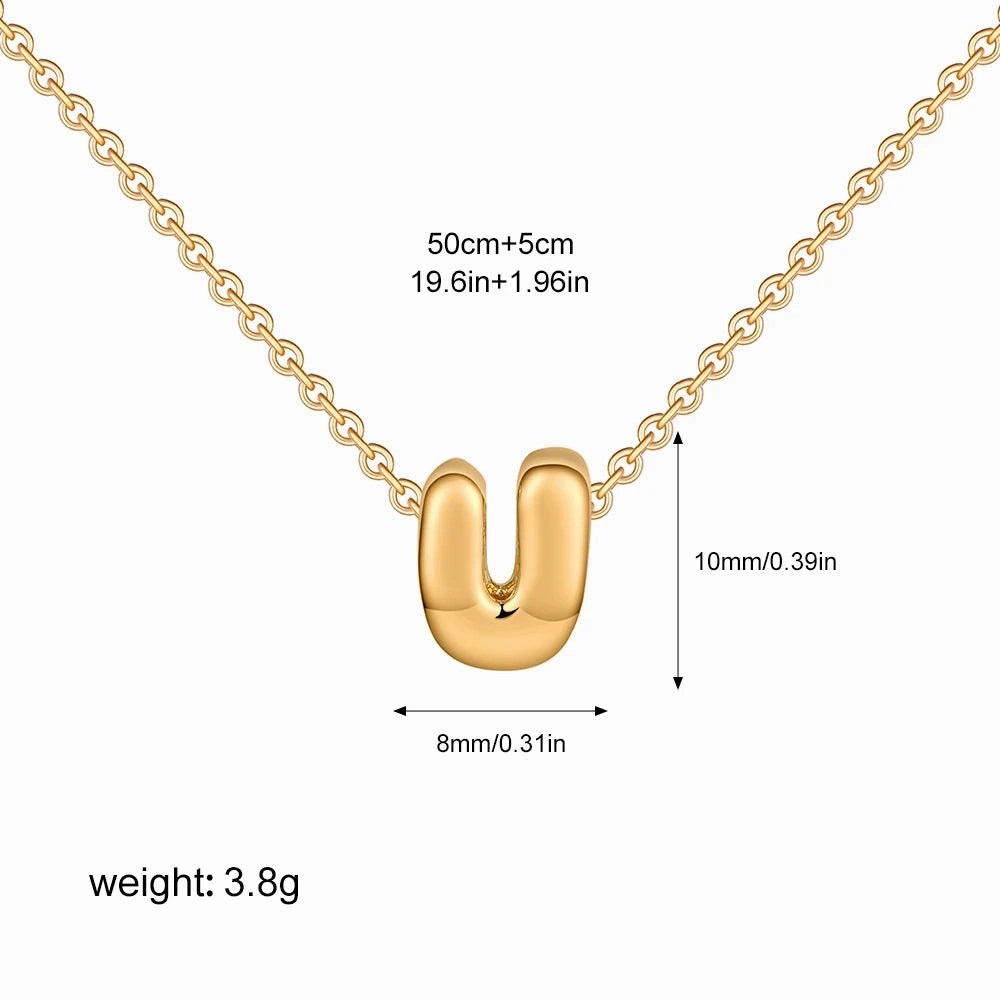 3D Bubble Initial A-Z Alphabet Mini Necklace Gold Plated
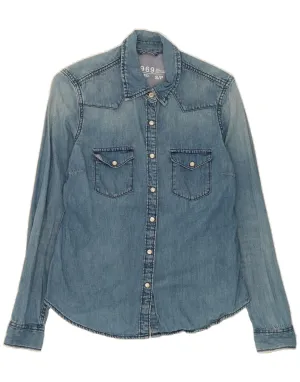 Non Iron Material Practical Choice GAP Womens Denim Shirt UK 10 Small Blue Cotton
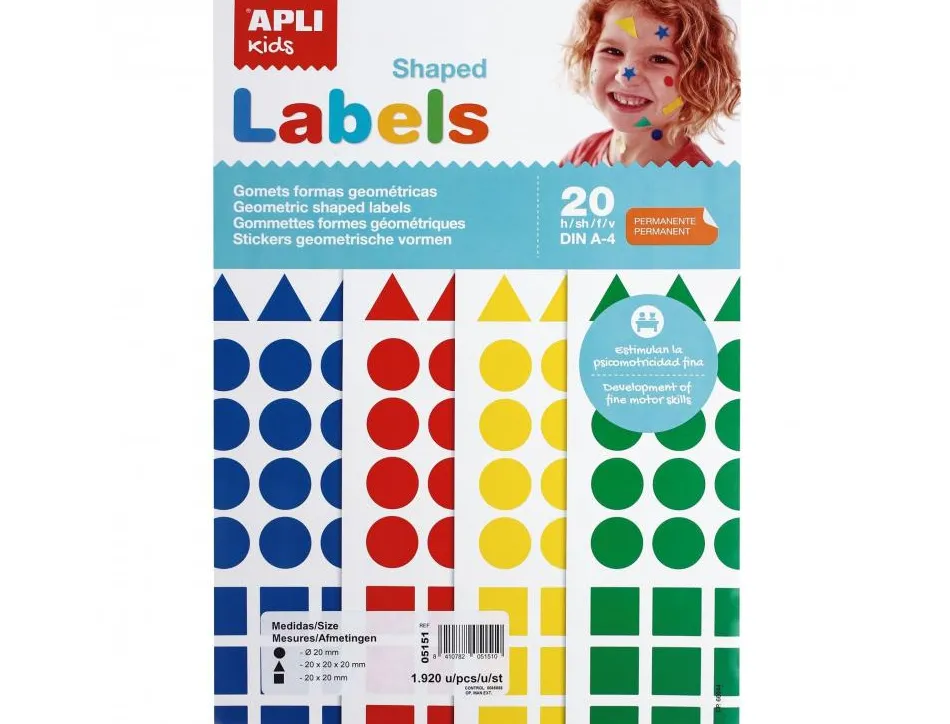 Gommette apli geometriques tailles et coloris assortis 1920 unites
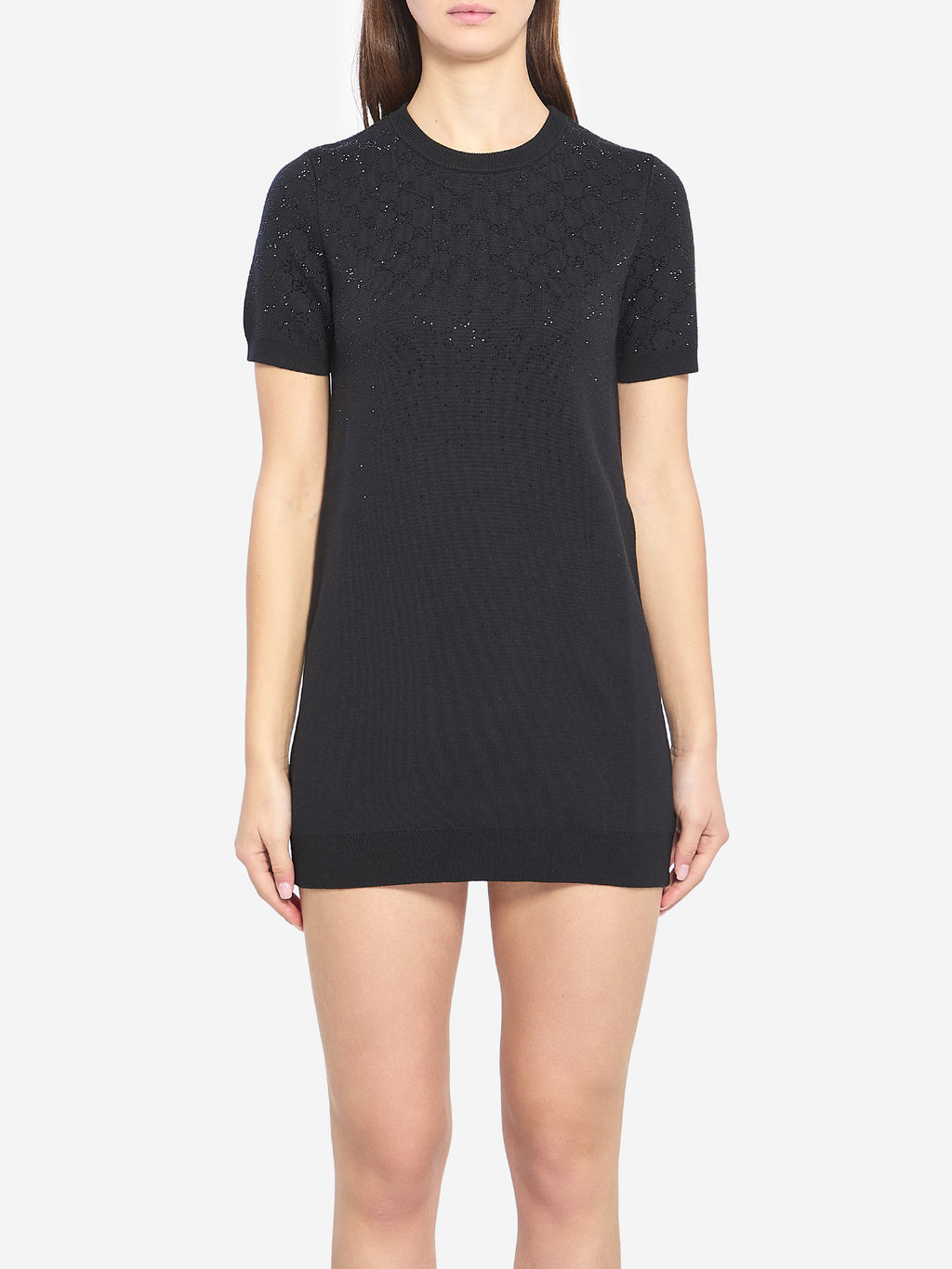 Gucci Women's Fine Wool Dress with GG Crystals in Black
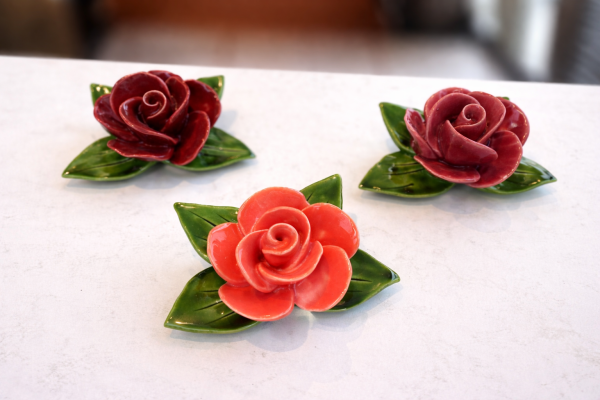 Céramique 12 cm, roses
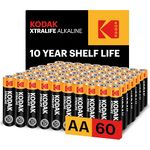Kodak Xtralife 60-Pack AA Batteries, Double A Alkaline Battery Pack, 1.5V, 10-Year Shelf Life, LR6, Ideal for High-Drain Devices, 12x More Power, Plastic Free Cardboard Outer Carton
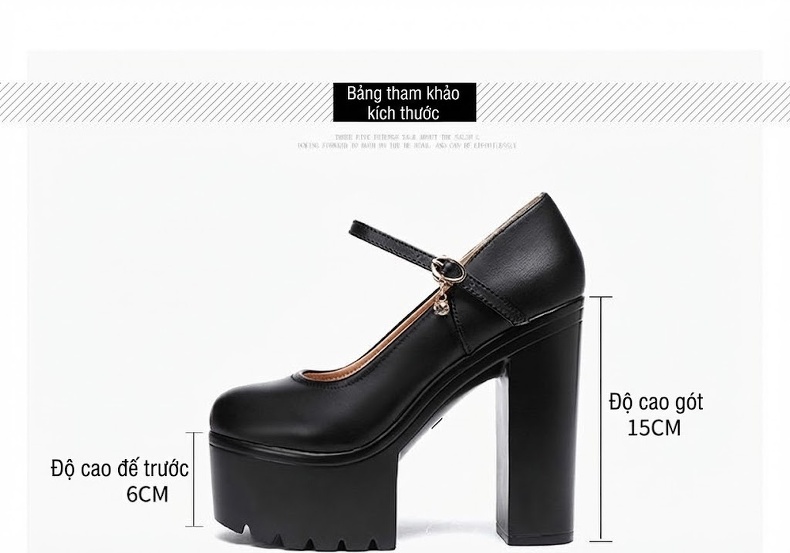 Giày Cao Gót Nữ Quai Ngang Đế Dày 15cm Da Bóng Màu Đen, Trắng, Đỏ, Bạc... chi tiết 4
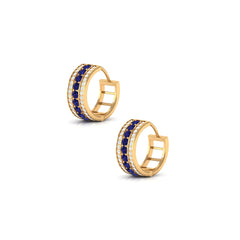 Lab Created Blue Sapphire and Diamond Hoop Earrings For Her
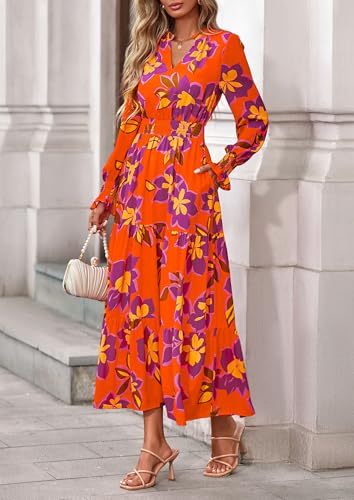 PRETTYGARDEN Women's Floral Maxi Dress Fall A Line Wedding Guest Dresses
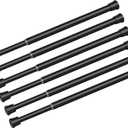 6 Pack Small Tension Rod 18 to 28 Inch Black Tension Curtain Rod Adjustable Spring Curtain Rods No Drilling Expandable Pressure Short Curtain Rods for Windows, Closets, Doorway, Kitchen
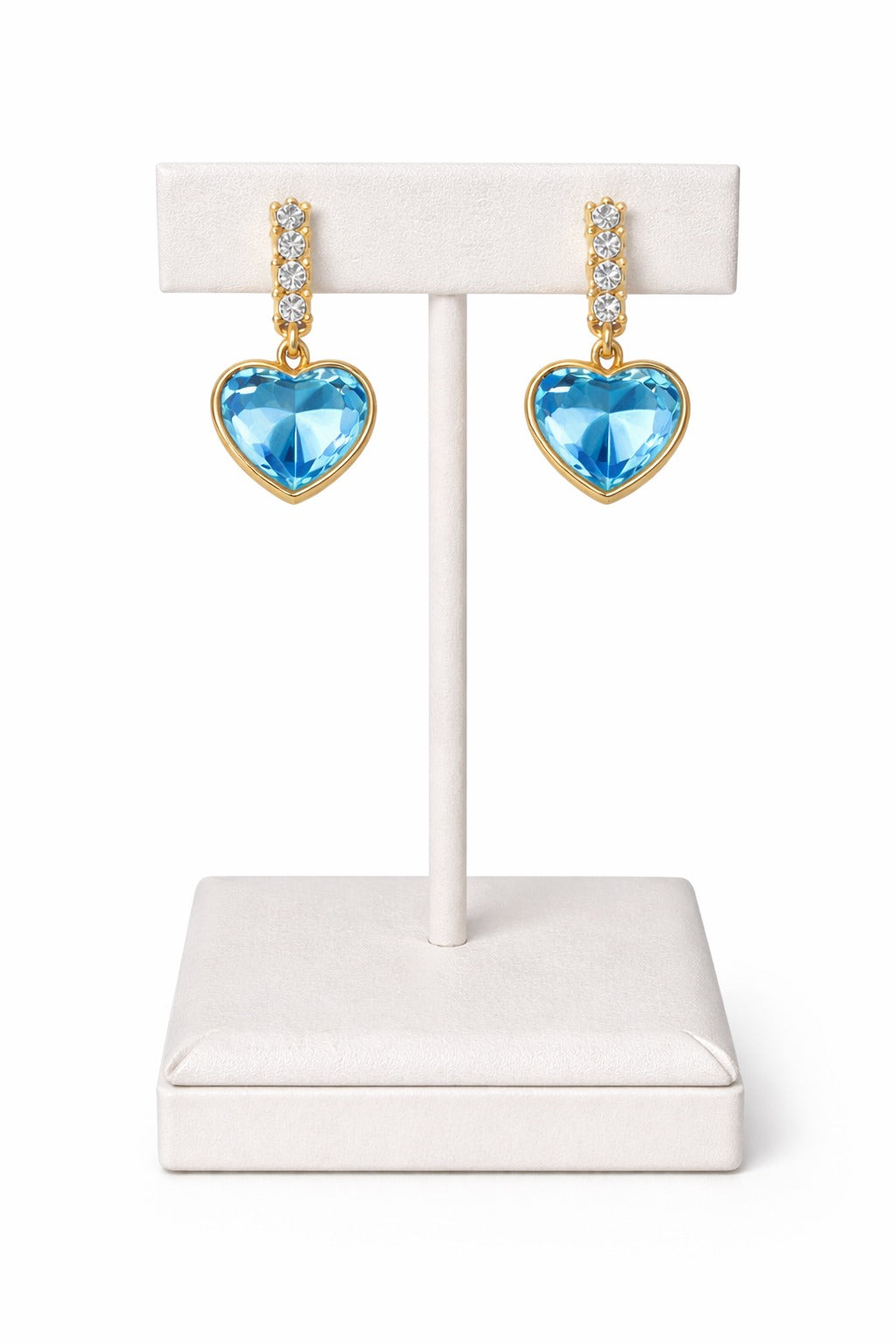 Elegant Blue Heart Crystal Gold Drop Earrings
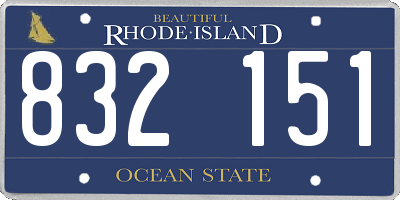 RI license plate 832151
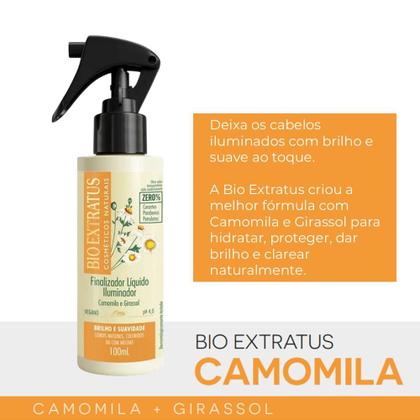 Imagem de Kit 2 Leave In Protetor Térmico Finalizador Camomila e Girassol Cabelos Loiros 100ml Spray Bio Extratus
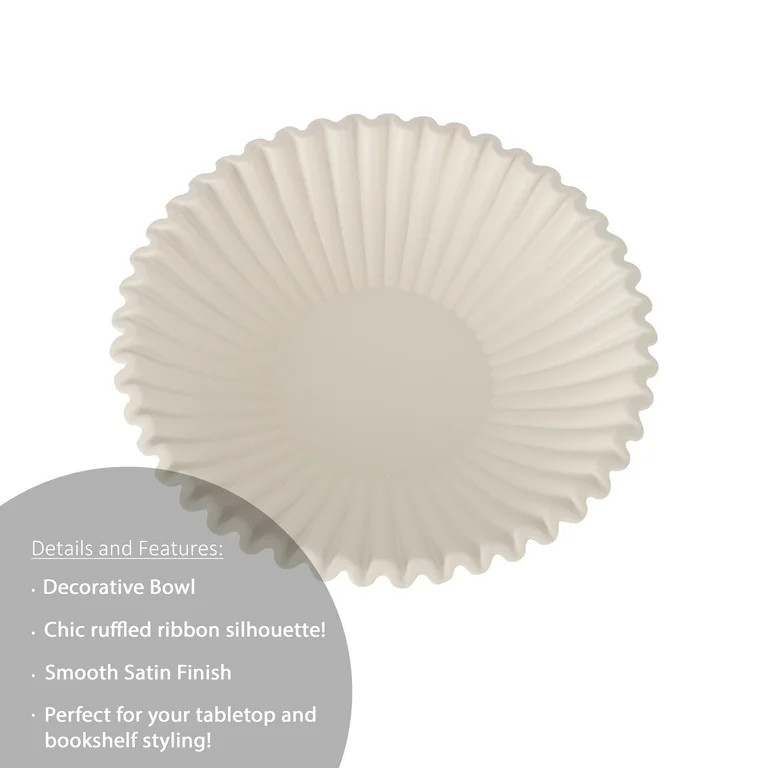 Better Homes & Garden off White Tabletop Decorative Ribbon Design Bowl | Walmart (US)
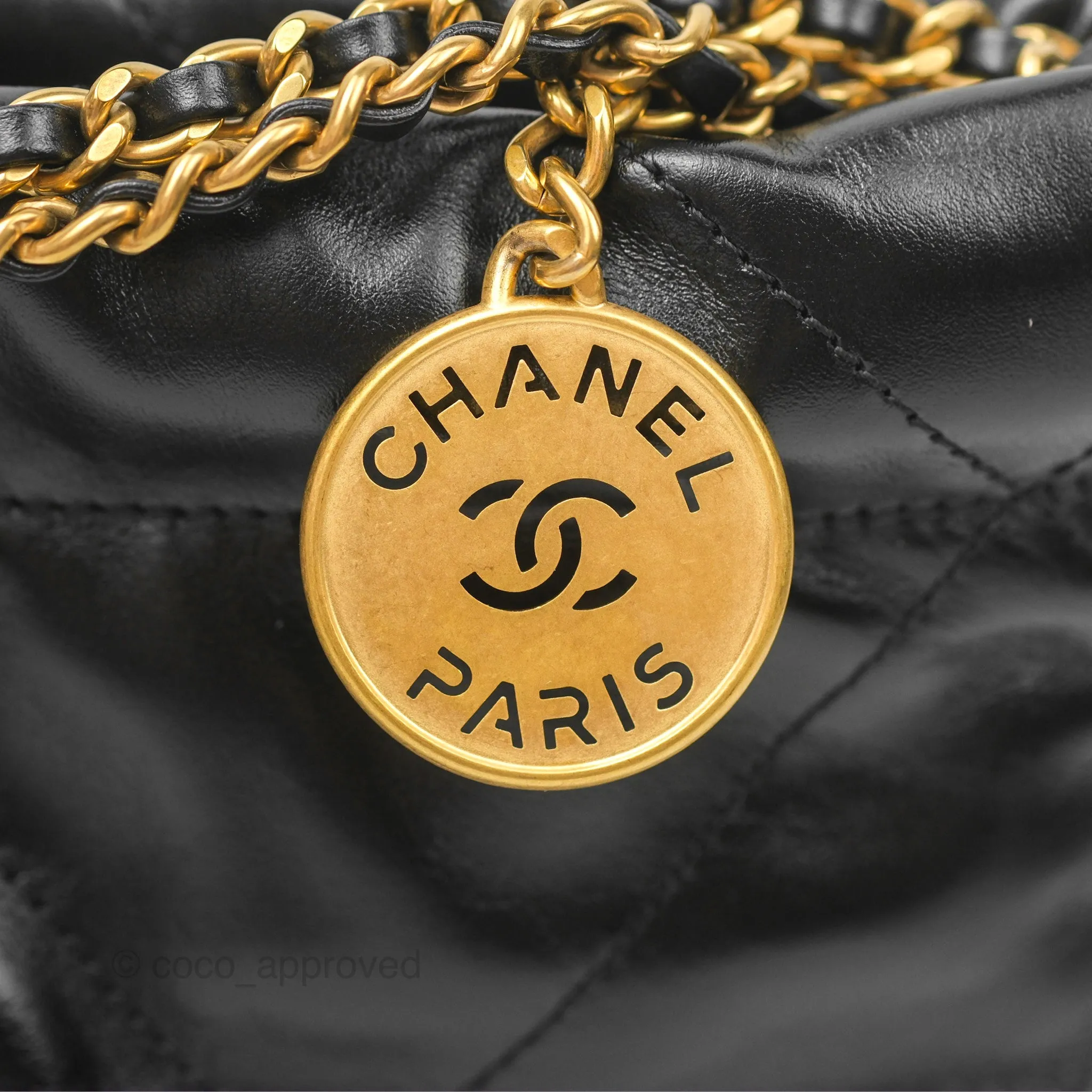 Chanel 22 Mini Bag Black Shiny Crumpled Calfskin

### Task objective
Omit the pictures. Write out exactly the lines from the one containing "Giày Cao Gót" through the last line of the entries, both of them included.

### Answer to the exercise
 Giày Cao Gót Nữ Quai Ngang Đế Dày 15cm Da Bóng Màu Đen, Trắng, Đỏ, Bạc... chi tiết 4
 Lab Created Blue Sapphire and Diamond Hoop Earrings For Her
 PRETTYGARDEN Women's Floral Maxi Dress Fall A Line Wedding Guest Dresses
 6 Pack Small Tension Rod 18 to 28 Inch Black Tension Curtain Rod Adjustable Spring Curtain Rods No Drilling Expandable Pressure Short Curtain Rods for Windows, Closets, Doorway, Kitchen
 Elegant Blue Heart Crystal Gold Drop Earrings
 RI license plate 832151
 Imagem de Kit 2 Leave In Protetor Térmico Finalizador Camomila e Girassol Cabelos Loiros 100ml Spray Bio Extratus
 Better Homes & Garden off White Tabletop Decorative Ribbon Design Bowl | Walmart (US)
 Chanel 22 Mini Bag Black Shiny Crumpled Calfskin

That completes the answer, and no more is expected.